What is the best approach?

public class CustomerViewModel 
{
    private Customer obj = new Customer();

    public string TxtCustomerName
    {
        get { return obj.CustomerName; }
        set { obj.CustomerName = value; }
    }        

    public string TxtAmount
    {
        get { return Convert.ToString(obj.Amount) ; }
        set { obj.Amount = Convert.ToDouble(value); }
    }
}

Upvotes: 1

Views: 1993

Answers (2)

Mike Strobel
Mike Strobel

Reputation: 25623

There isn't a standard practice for persisting MVVM state. You just need to pick a format, just like you would for any other serialization problem. I personally am a fan of using Xaml, as it's human readable and can represent most of the types that you might be using in a WPF application.

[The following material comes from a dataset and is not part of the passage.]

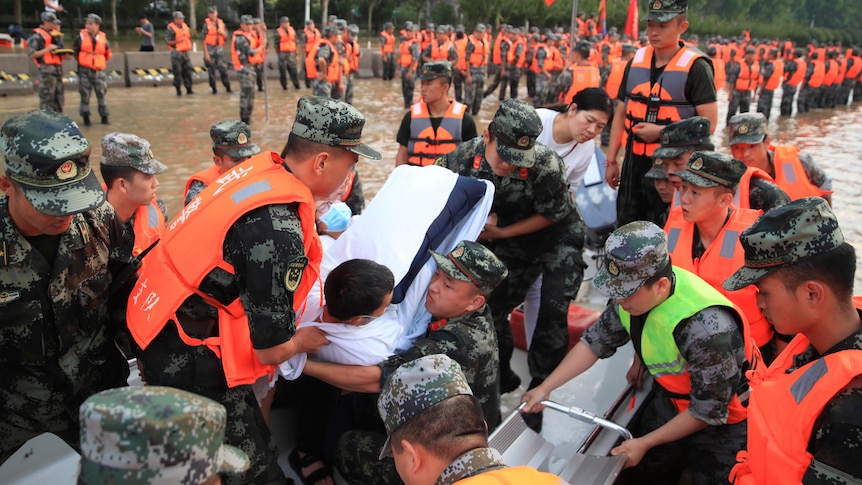 Chinese military move injured person wrapped in white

Example code, included in a base class for your view models:

public class ViewModelBase : INotifyPropertyChanged
{
    public event PropertyChangedEventHandler PropertyChanged;

    private static string RootStoragePath =>
        Path.Combine(
            Environment.GetFolderPath(Environment.SpecialFolder.LocalApplicationData),
            "YourApplication",
            "ViewState");

    protected string StateFilePath =>
       Path.Combine(RootStoragePath, this.GetType().Name + ".xaml");

    public void Save()
    {
        var fileName = StateFilePath;

        var directoryName = Path.GetDirectoryName(fileName);
        if (directoryName != null && !Directory.Exists(directoryName))
            Directory.CreateDirectory(directoryName);

        XamlServices.Save(fileName, this);
    }

    public void Load()
    {
        var fileName = StateFilePath;

        if (File.Exists(fileName))
        {
            using (var file = File.OpenRead(fileName))
            using (var reader = new XamlXmlReader(file))
            {
                var writer = new XamlObjectWriter(
                    reader.SchemaContext,
                    new XamlObjectWriterSettings { RootObjectInstance = this });

                using (writer)
                {
                    XamlServices.Transform(reader, writer);
                }
            }
        }
    }

    protected virtual void OnPropertyChanged(string propertyName)
    {
        this.PropertyChanged?.Invoke(this, new PropertyChangedEventArgs(propertyName));
    }
}

The saved state would look something like this:

<CustomerViewModel TxtAmount="3.5"
                   TxtCustomerName="Mike Strobel"
                   xmlns="clr-namespace:WpfTest;assembly=WpfTest" />

Note that this is a minimal example. Ideally, your error handling on the storage operations would be more robust. Be sure to change RootStoragePath to be unique to your application.

Upvotes: 1

mm8
mm8

Reputation: 169400

What the best approach is depends on your requirements. You could for example serialize your class using the built-in DataContractJsonSerializer class without modifying the class at all:

CustomerViewModel vm = new CustomerViewModel();
//...

using (MemoryStream ms = new MemoryStream())
{
    DataContractJsonSerializer ser = new DataContractJsonSerializer(typeof(CustomerViewModel));
    ser.WriteObject(ms, vm);
    File.WriteAllText("save.txt", Encoding.UTF8.GetString(ms.ToArray()));
}

You will need to add a reference to System.Runtime.Serialization.dll. Please refer to the following blog post for more information: https://www.bytefish.de/blog/enum_datacontractjsonserializer/.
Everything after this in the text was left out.